Blog written in
response to the following article:
This article both interested and terrified me. I know that I
am among a growing (hopefully not majority) group of people who are thoroughly
confused by their own health insurance and the process of navigating the
healthcare system. It always seems to go that just when I feel as though I have
a handle on healthcare, the rug is pulled out from under me – sometimes in the
form of a astronomical bill that I was sure would have been covered, and other
times in articles or stories such as this one.

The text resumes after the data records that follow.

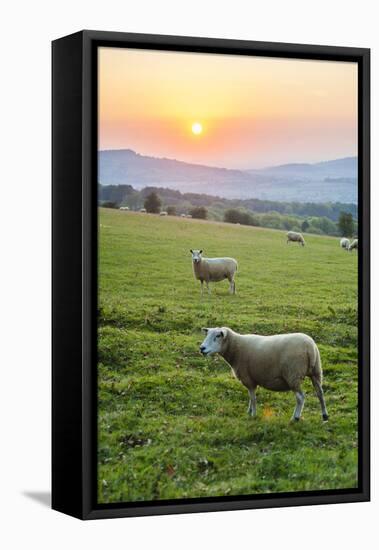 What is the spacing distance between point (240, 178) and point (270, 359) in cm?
187

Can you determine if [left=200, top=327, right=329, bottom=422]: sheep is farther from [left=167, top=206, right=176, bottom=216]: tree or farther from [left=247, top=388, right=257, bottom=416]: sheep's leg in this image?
[left=167, top=206, right=176, bottom=216]: tree

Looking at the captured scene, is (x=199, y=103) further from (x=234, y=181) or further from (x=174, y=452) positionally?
(x=174, y=452)

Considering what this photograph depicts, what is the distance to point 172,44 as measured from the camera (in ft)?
49.8

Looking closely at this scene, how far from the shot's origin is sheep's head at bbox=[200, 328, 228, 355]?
15398 millimetres

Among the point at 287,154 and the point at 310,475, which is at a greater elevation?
the point at 287,154

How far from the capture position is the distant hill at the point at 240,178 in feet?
49.5

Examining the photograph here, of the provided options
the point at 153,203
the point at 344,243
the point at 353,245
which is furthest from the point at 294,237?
the point at 153,203

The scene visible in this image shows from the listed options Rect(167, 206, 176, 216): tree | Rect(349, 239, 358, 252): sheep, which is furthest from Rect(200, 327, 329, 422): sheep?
Rect(167, 206, 176, 216): tree

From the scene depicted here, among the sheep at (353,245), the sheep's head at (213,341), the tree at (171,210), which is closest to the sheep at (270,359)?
the sheep's head at (213,341)

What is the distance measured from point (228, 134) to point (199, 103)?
19.0 inches

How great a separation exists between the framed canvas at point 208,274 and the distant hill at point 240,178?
21 mm

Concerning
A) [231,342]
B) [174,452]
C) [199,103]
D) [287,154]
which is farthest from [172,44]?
[174,452]

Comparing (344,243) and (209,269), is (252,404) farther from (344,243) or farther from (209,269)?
(344,243)

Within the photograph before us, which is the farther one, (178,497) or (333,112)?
(333,112) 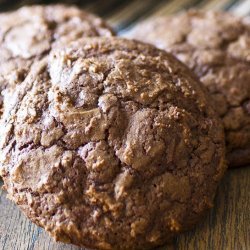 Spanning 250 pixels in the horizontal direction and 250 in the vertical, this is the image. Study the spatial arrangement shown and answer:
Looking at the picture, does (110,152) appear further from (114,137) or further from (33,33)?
(33,33)

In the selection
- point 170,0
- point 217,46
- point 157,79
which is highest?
point 157,79

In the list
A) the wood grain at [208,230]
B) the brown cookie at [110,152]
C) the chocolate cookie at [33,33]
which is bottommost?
the wood grain at [208,230]

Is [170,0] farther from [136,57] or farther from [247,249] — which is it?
[247,249]

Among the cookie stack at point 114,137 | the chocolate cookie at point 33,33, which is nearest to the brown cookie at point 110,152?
the cookie stack at point 114,137

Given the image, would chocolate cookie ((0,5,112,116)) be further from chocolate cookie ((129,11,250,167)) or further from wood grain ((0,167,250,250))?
wood grain ((0,167,250,250))

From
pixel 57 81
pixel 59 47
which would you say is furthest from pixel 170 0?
pixel 57 81

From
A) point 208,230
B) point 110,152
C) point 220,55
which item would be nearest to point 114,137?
point 110,152

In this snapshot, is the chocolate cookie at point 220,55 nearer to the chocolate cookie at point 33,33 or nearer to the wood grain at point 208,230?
the wood grain at point 208,230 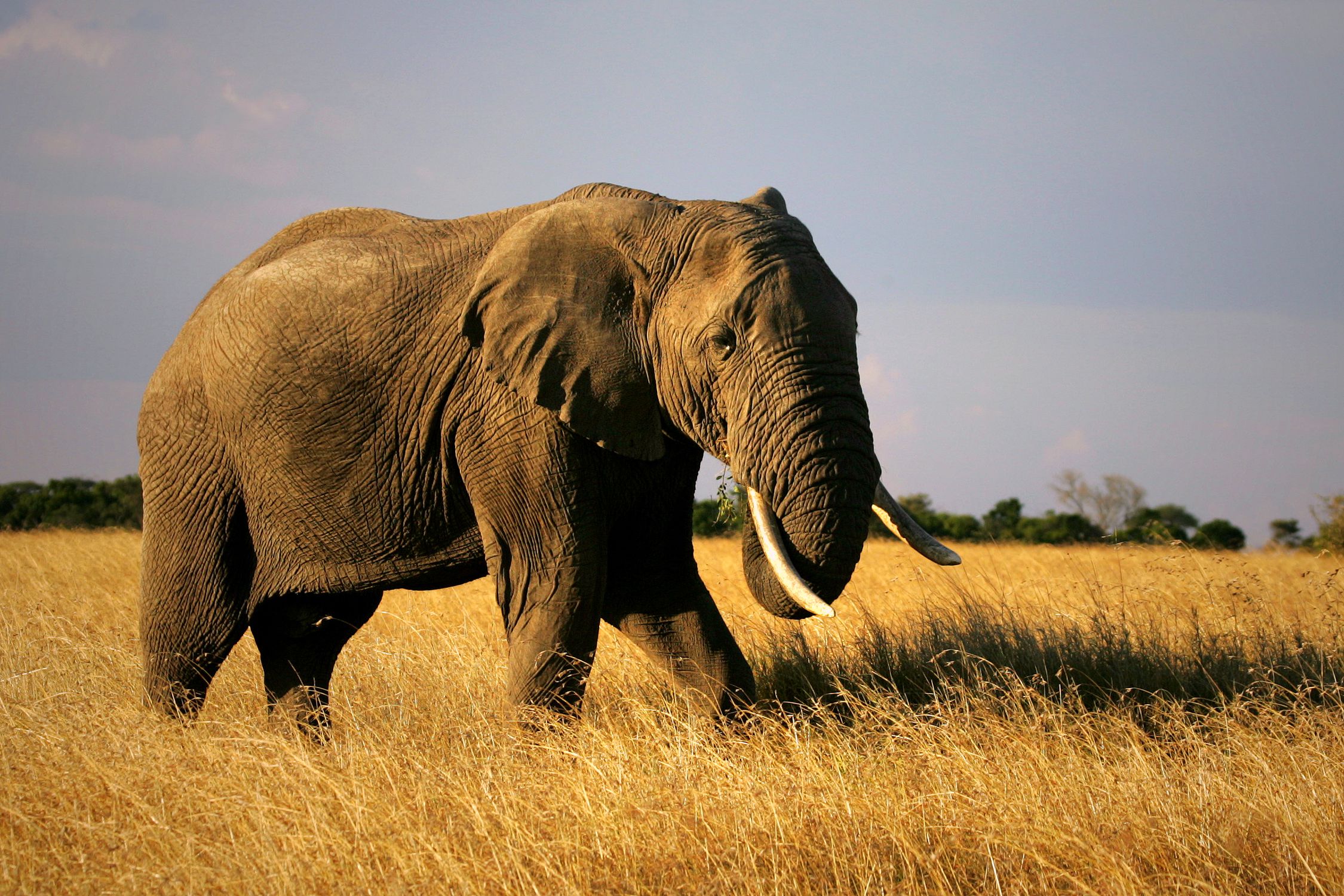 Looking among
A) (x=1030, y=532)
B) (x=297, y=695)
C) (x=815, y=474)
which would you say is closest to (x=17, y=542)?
(x=297, y=695)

This article scared me in two different ways. First and
foremost, it made me incredibly anxious about the everyday possibility of an
injury. I walk up and down stairs every day, cross streets, drive in cars….and
I haven’t gotten hurt in a while! It’s statistically reasonable to assume that
my next accident is just around the corner (knocking on wood as I type) and
with it will come substantial debt! I better be extra careful…but where will
those thousands of dollars for five stitches come from? I’d rather superglue a
cut together and hope for the best than land up a financial creek without a
paddle. Secondly, this makes me terrified for the lower income populations in
our community. So many people I come into contact with at SafePlace or in the
community don’t have the time or money to go to a doctor for every ailment and
pay the copays, so they wait until they are extremely sick or hurt (or just
have a REALLY bad flu) and they go to the emergency room. I have known for a
long time that medical costs are the #1 way people in America fall in to debt,
but this article helped me to see how it hits much closer to home than I would
like.
I was just talking to someone the other day about how illnesses and injuries may just be a road bump for some people but for others it can be a complete setback that leads them to rock bottom. I, personally, wish that America can just have a healthcare system like Britain or Germany, where all the citizens are covered and nobody goes bankrupt due to medical bills.